Holocaust Remembrance Day this year is playing out in an unprecedented way with many ceremonies and services taking place virtually amid the coronavirus crisis.

Although not in-person, the silver lining to having to adapt events to comply with social distancing orders, the day is made even more accessible at a time when our younger generations should be reminded of the atrocities of the Holocaust.

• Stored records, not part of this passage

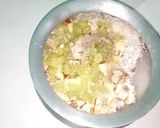 A picture of step 3 of Sabudana Sharbat.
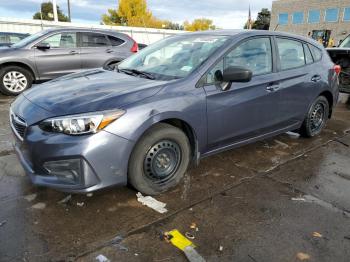  Salvage Subaru Impreza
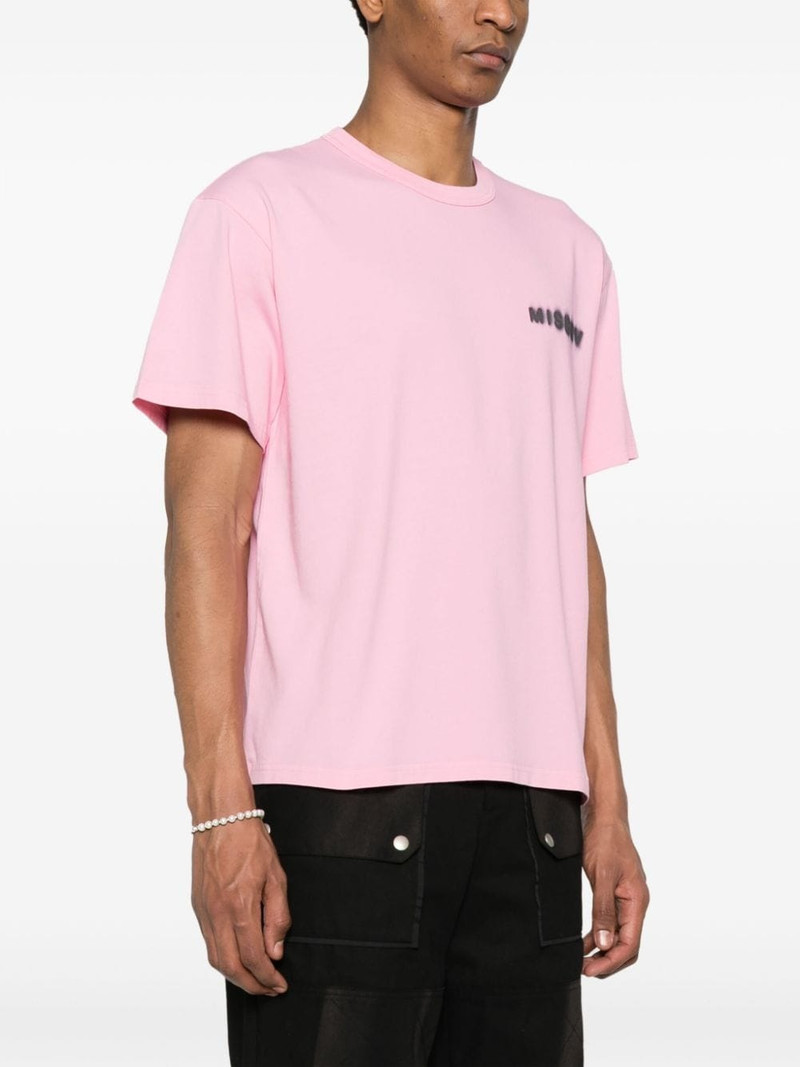 logo-print cotton T-shirt 3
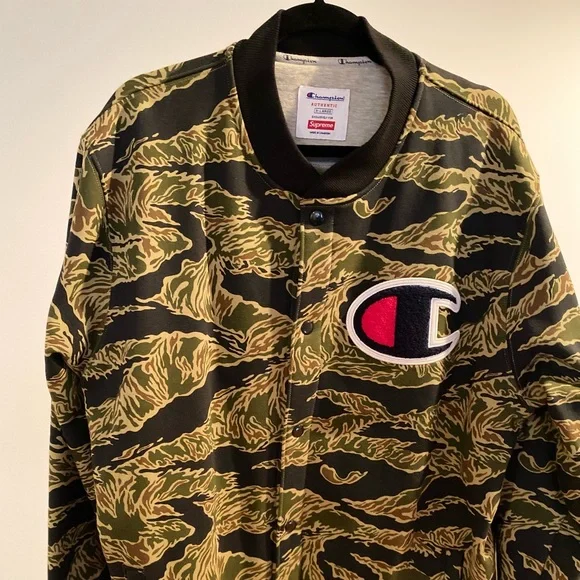 Supreme Snap Front Sweat スエットスタジャン/スエスタ Supreme Snap Front Sweat スエットスタジャン/スエスタ Supreme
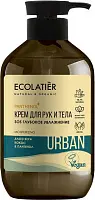 Ecolatier Крем для рук и тела Глубокое увлажнение алоэ вера, кокос & пантенол, 400 мл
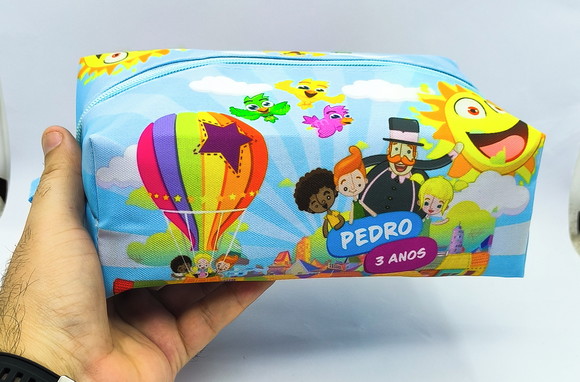Necessaire Box Mundo de Bita ( Grande )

Earlier this year, this reporter spoke with a group of American university students considered to be part of generation Z, who were mostly in their early 20s and late teens, about a 2019 Pew Research study that found that less than half of American adults could recall that 6 million Jews were killed in the Holocaust. I learned that the memory is only continuing to escape the minds of the succeeding generations after speaking with seven students, only one of whom could tell me that 6 million Jews were killed, about their knowledge of the Holocaust.

The history is slipping away and the coronavirus pandemic is a reminder of that as we’re seeing a rise in antisemitic attacks promoting false accusations that the Jewish people are spreading the virus, often floating false conspiracies similar to the medieval blood libels.

Yoni Michanie, a former paratrooper in the Israel Defense Forces, pointed to the historic trend in his recent column for the Jewish New Syndicate writing, “Europe’s Black Plague, Russia’s 1917 Communist Revolution and Germany’s economic turmoil following the conclusion of World War I all saw a disproportionate rise in anti-Semitism. The logic is simple: When a crisis hits, the Jews will serve as worthy scapegoats. Following the Nazis systematic extermination of 6 million Jews, it seemed that the world had finally understood the dangers of anti-Jewish hatred. If it did, it only lasted a short while.”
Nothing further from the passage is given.